В[асилий] В[асильевич] очень любил меня. Однажды обнял и с нежностью сказал: ‘Какой тоненький, настоящий поэт’.
В Москве на женских курсах Полторацкой училась Надежда Григ[орьевна] Львова, дочь небогатых родителей, уроженка Подольска. Я познакомился с Львовой в 1911 году, тогда ей было лет двадцать. Настоящая провинциалка, застенчивая, угловатая, слегка сутулая, она не выговаривала букву ‘к’ и вместо ‘какой’ произносила ‘а-ой’. Ее все любили и звали за глаза Надей. Пробовала она писать стихи, пробы выходили плоховаты, но на беду ей случилось познакомиться с компанией молодых московских литераторов.

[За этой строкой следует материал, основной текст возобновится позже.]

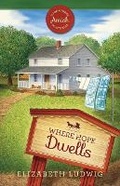 Cover: Where Hope Dwells - Guideposts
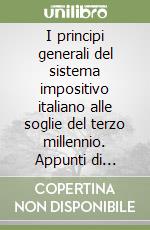 I principi generali del sistema impositivo italiano alle soglie del terzo millennio. Appunti di diritto tributario libro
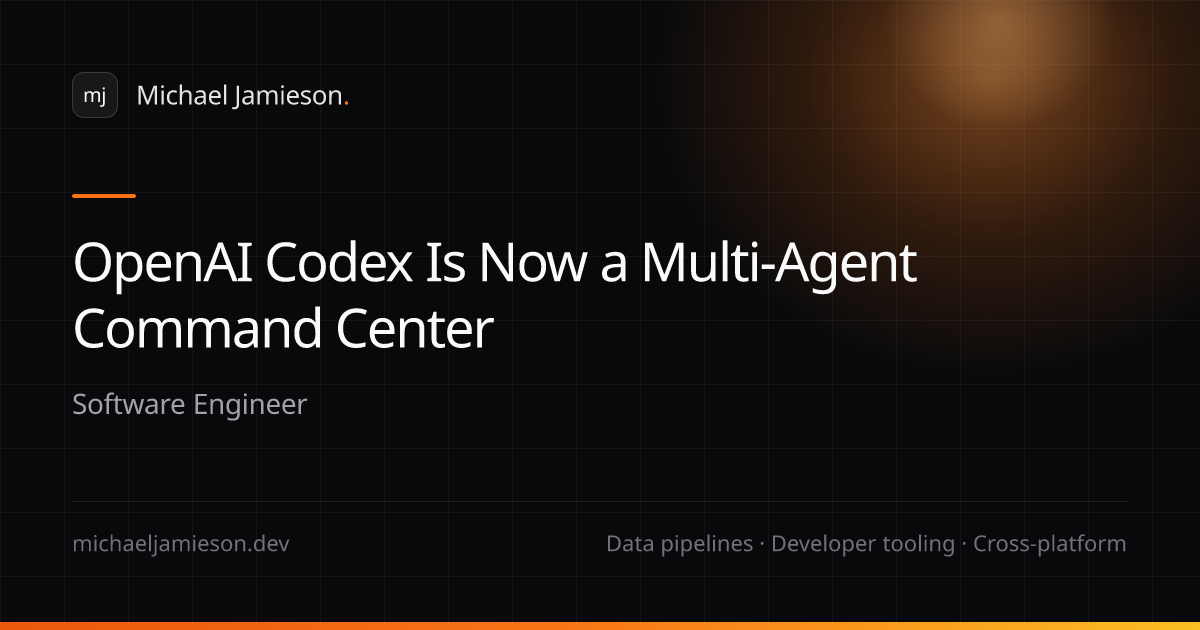 OpenAI Codex Is Now a Multi-Agent Command Center | Michael Jamieson
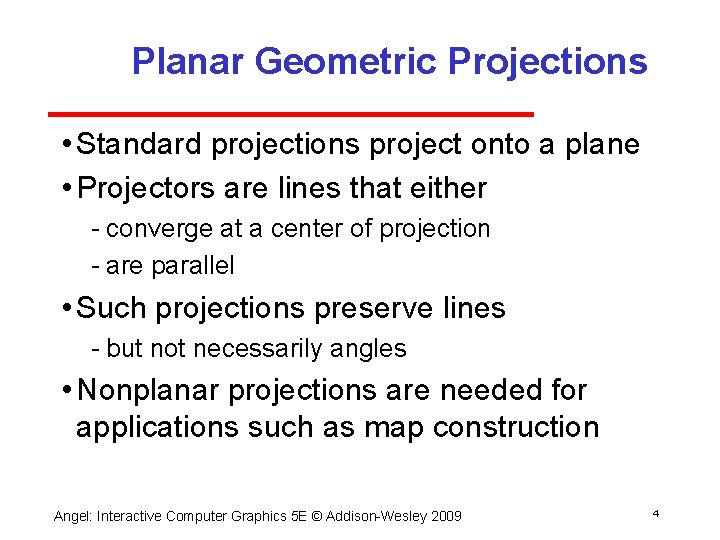 Planar Geometric Projections • Standard projections project onto a plane • Projectors are lines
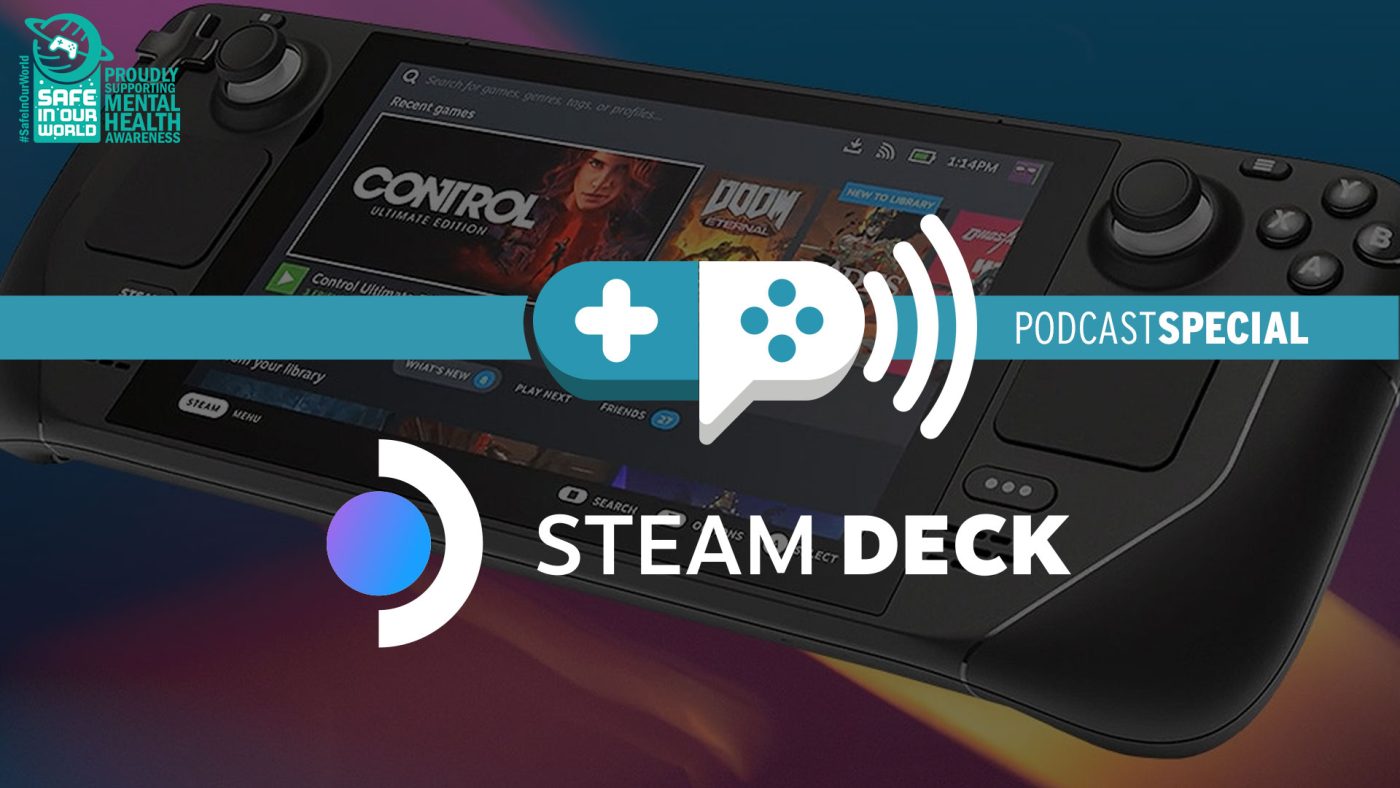 Podcast - Steam Deck Special | Mental Health Gaming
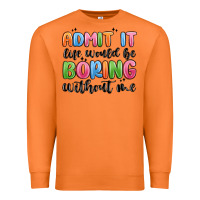 Carrot admit it life would be boring without me Premium Sweatshirt - MaliasSmallBusiness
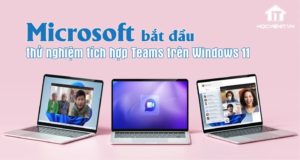 Microsoft bắt đầu thử nghiệm tích hợp Teams trên Windows 11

Глава их, опытный стихотворец, выправил и напечатал стишки Нади в толстом журнале. Девочка поверила, что у нее талант.
Прошло два года. Встретившись с Надей проездом через Москву в кружке, я чуть не ахнул. Куда девалась робкая провинциалочка? Модное платье с короткой юбкой, алая лента в черных волосах, уверенные манеры, прищуренные глаза. Даже ‘к’ она выговаривала как следует. В кружке литераторы за ужином поили Надю шампанским и ликерами. В ее бедной студенческой комнатке появились флаконы с духами, вазы, картины, статуэтки.
Во второй половине ноября 1913 г. я приехал в Москву и раза два видел Надю. 24 ноября в воскресенье был я на именинах. Надя вызвала меня к телефону. Из отрывистых слов я понял, что ей нестерпимо скучно. ‘Скучно, прощайте!’ Домой я возвратился поздно. Едва успел сесть утром за самовар, как меня пригласила к телефону вчерашняя именинница. ‘Слышали новость? Львова застрелилась’.
Я отправился на панихиду в Крапивинский переулок, в пестрый дом Иерусалимского подворья, где жила Надя. Выходя из номеров, столкнулся с почтальоном: он нес последнее Надино письмецо, посланное мне перед моим отъездом из Нижнего и теперь возвратившееся в Москву. Комнатка Нади была полна. Родители, сестры, брат, подруги по курсам, литераторы, слезы, цветы, венки. Надя лежала как живая в белом гробу, в белом платье, глаза прищурены, губы тревожно, по-детски полуоткрыты. Мать, простая женщина, не могла подняться с колен. ‘Надя! Надюша! Надя, девочка моя!’ — кричала она. Отец — одно из славных русских лиц — крепился. Красивый, похожий на покойницу, брат-студент поддерживал порядок.
Корней Чуковский убедил меня переселиться в Куоккалу. Я снял на весь июнь комнату при лавке у русских хозяев. Это была мещанская семья: лавочница с двумя дочерьми. Девицы старались походить на барышень.
Обедать ходил я к Чуковскому. У него по воскресеньям бывали гости: писатели, художники, дамы и И. Е. Репин.
Репину только что минуло семьдесят лет. Маленький, худенький, он разговаривал басом. Меня старик полюбил и нарисовал пером мой портрет в ‘Чукоккале’, альбоме, который Чуковский завел для воскресных гостей.
Иногда на даче Репина ‘Пенаты’ устраивался вегетарианский обед. На него я являлся, плотно закусив. Гостей ожидал суп из сена и грибные котлетки, на десерт орехи и виноград. Все подавалось сразу. Круглый стол вращался и делал прислугу лишней. Для осуществления равенства кухарки, прачки и дворник садились с господами […] На обед избирался по запискам председатель, раз выбор пал на меня, и по уставу я должен был сказать речь. Здесь я встречал скульптора Гинцбурга, поэтессу Гриневскую, Н. И. Кульбина. Подруги Репина Нордман-Северовой не было в этом году в Куоккале: она умирала за границей, и при мне пришло известие о ее кончине.
Репин, Чуковский и я ездили вместе в Петербург смотреть музей императора Александра III [нынешний Русский музей]. И[лья] Е[фимович] очень хвалил Брюллова и указал нам, откуда смотреть на ‘Последний день Помпеи’: надо встать справа за дверью. Мы стояли перед ‘Запорожцами’. Мимо серовской ‘Иды’ И[лья] Е[фимович] прошел отплевываясь и не глядя: басок его гудел искренним раздражением.
Я получил от Репина в подарок акварельный автопортрет.